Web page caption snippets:
####
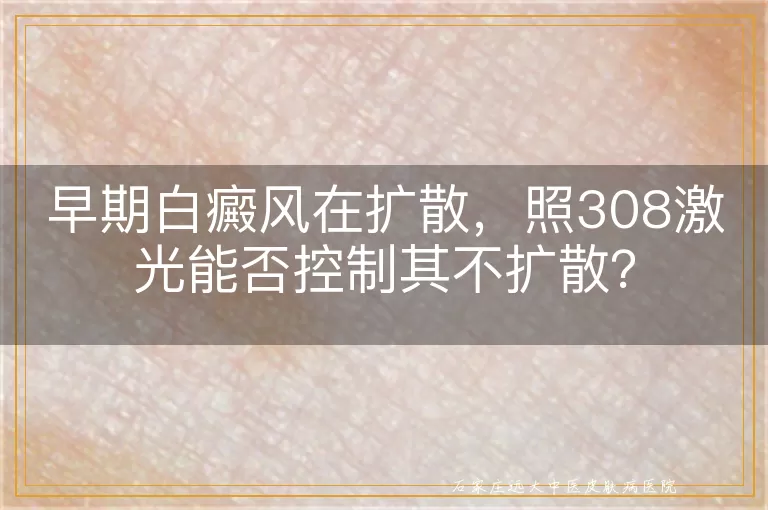 早期白癜风在扩散，照308激光能否控制其不扩散？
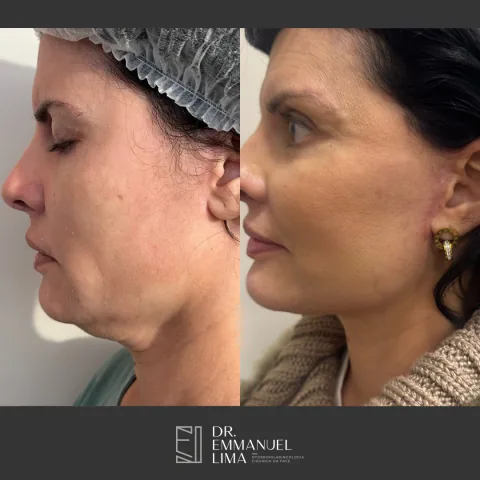 Lifting facial e cervical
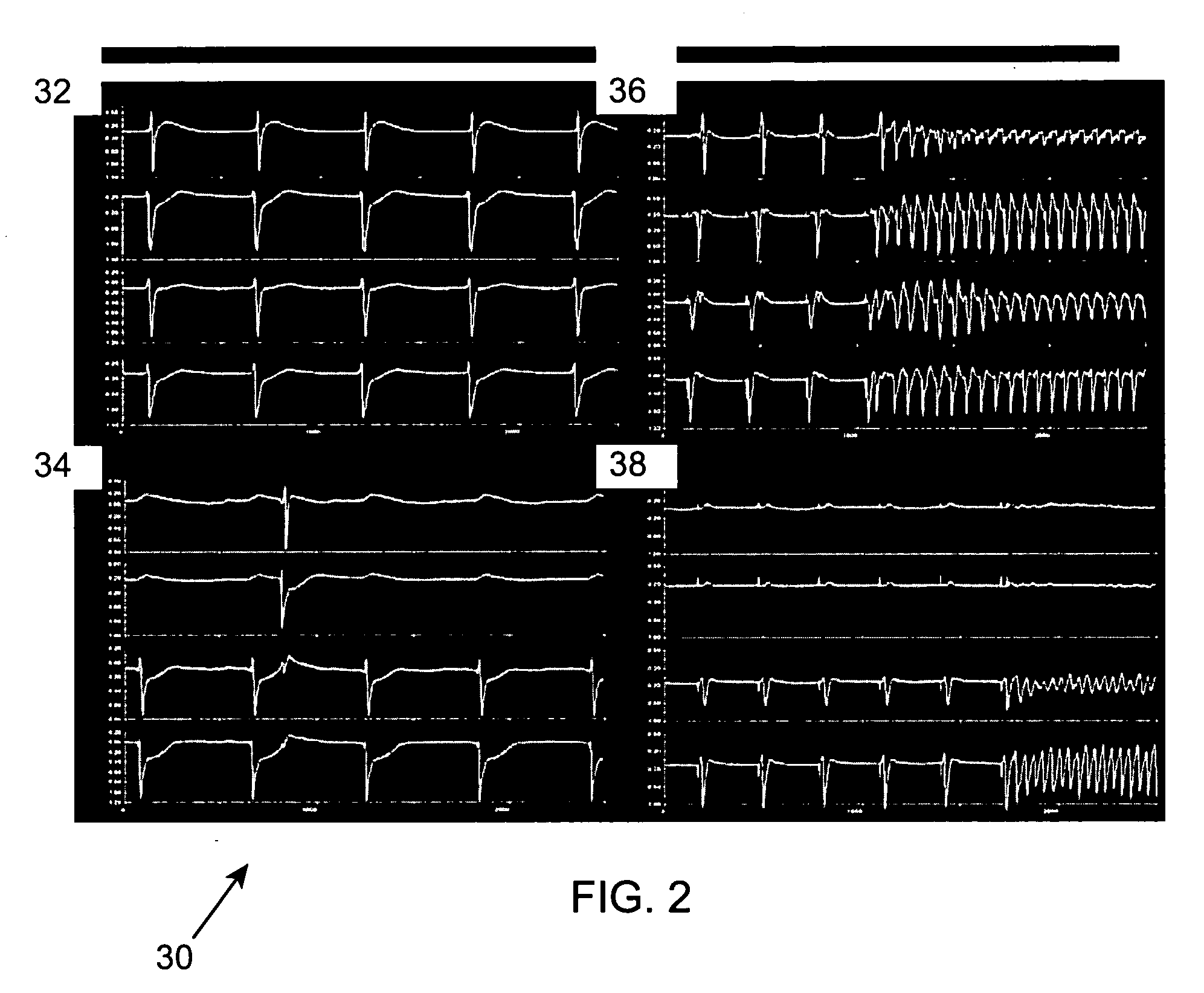 Method and associated system for the interventional treatment of atrial fibrillation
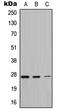 Mitochondrially Encoded ATP Synthase Membrane Subunit 6 antibody, MBS821585, MyBioSource, Western Blot image 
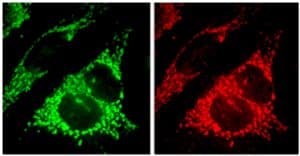Polyclonal Rabbit anti-Human FIS1 Antibody (WB)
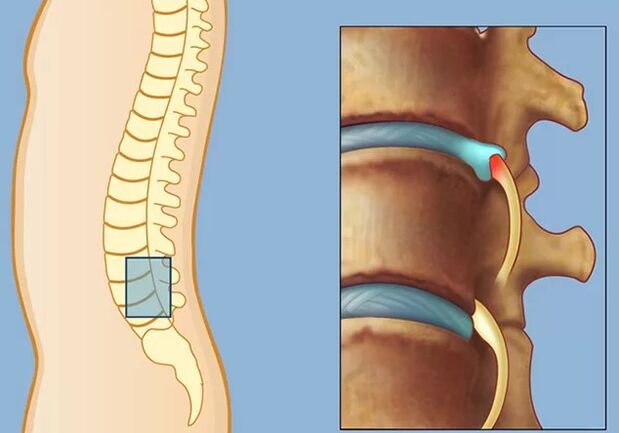 Rook syndrome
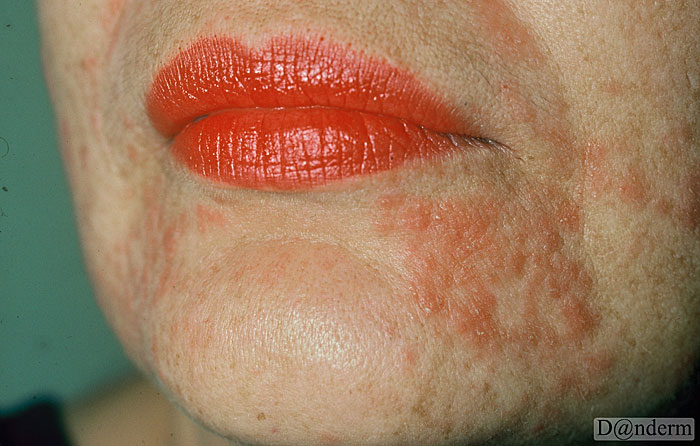 4-146-8_Periorificial_dermatitis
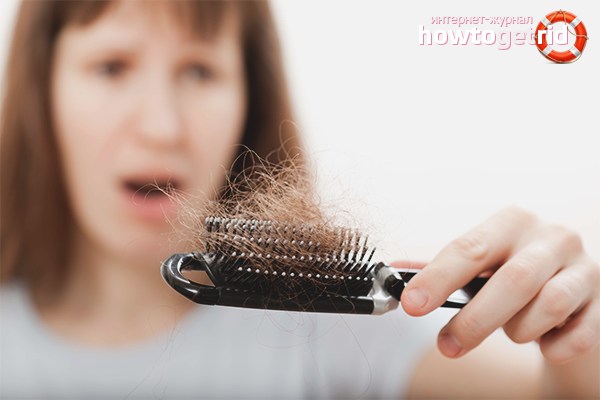 Hair loss in women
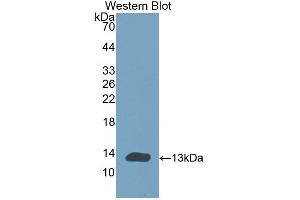 Detection of Recombinant CHRNa1, Human using Polyclonal Antibody to Cholinergic Receptor, Nicotinic, Alpha 1 (CHRNa1) (CHRNA1 antibody  (AA 21-255))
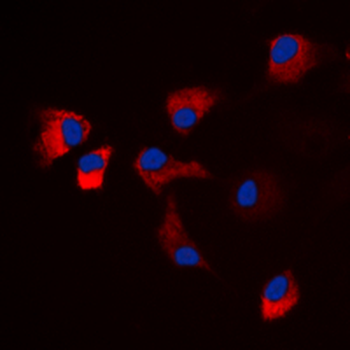 Anti-CaMK2 alpha/delta (pT286) Antibody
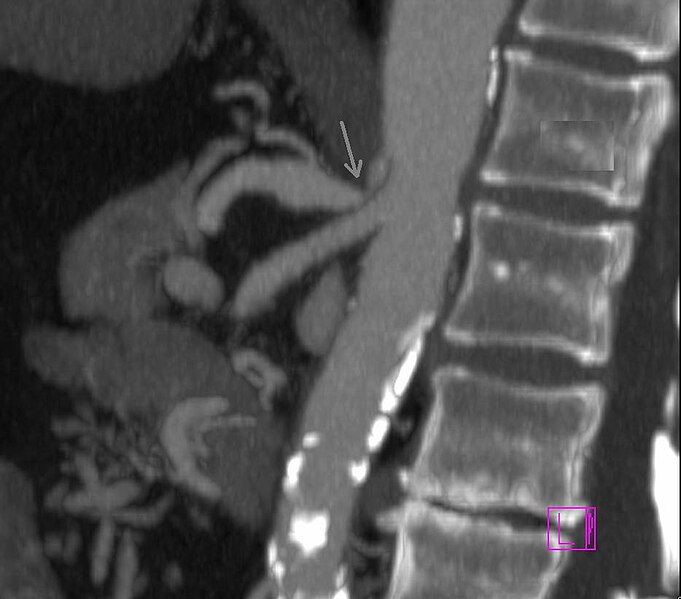 File:Coeliacus compression cta.JPG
####
◆ TASK GOAL:
Omit the pictures, then extract verbatim only those lines that fall between the line containing "Lifting facial e cervical" and the final line of the records above, both included.

◆ EXPECTED ANSWER:
 Lifting facial e cervical
 Method and associated system for the interventional treatment of atrial fibrillation
 Mitochondrially Encoded ATP Synthase Membrane Subunit 6 antibody, MBS821585, MyBioSource, Western Blot image 
Polyclonal Rabbit anti-Human FIS1 Antibody (WB)
 Rook syndrome
 4-146-8_Periorificial_dermatitis
 Hair loss in women
 Detection of Recombinant CHRNa1, Human using Polyclonal Antibody to Cholinergic Receptor, Nicotinic, Alpha 1 (CHRNa1) (CHRNA1 antibody  (AA 21-255))
 Anti-CaMK2 alpha/delta (pT286) Antibody
 File:Coeliacus compression cta.JPG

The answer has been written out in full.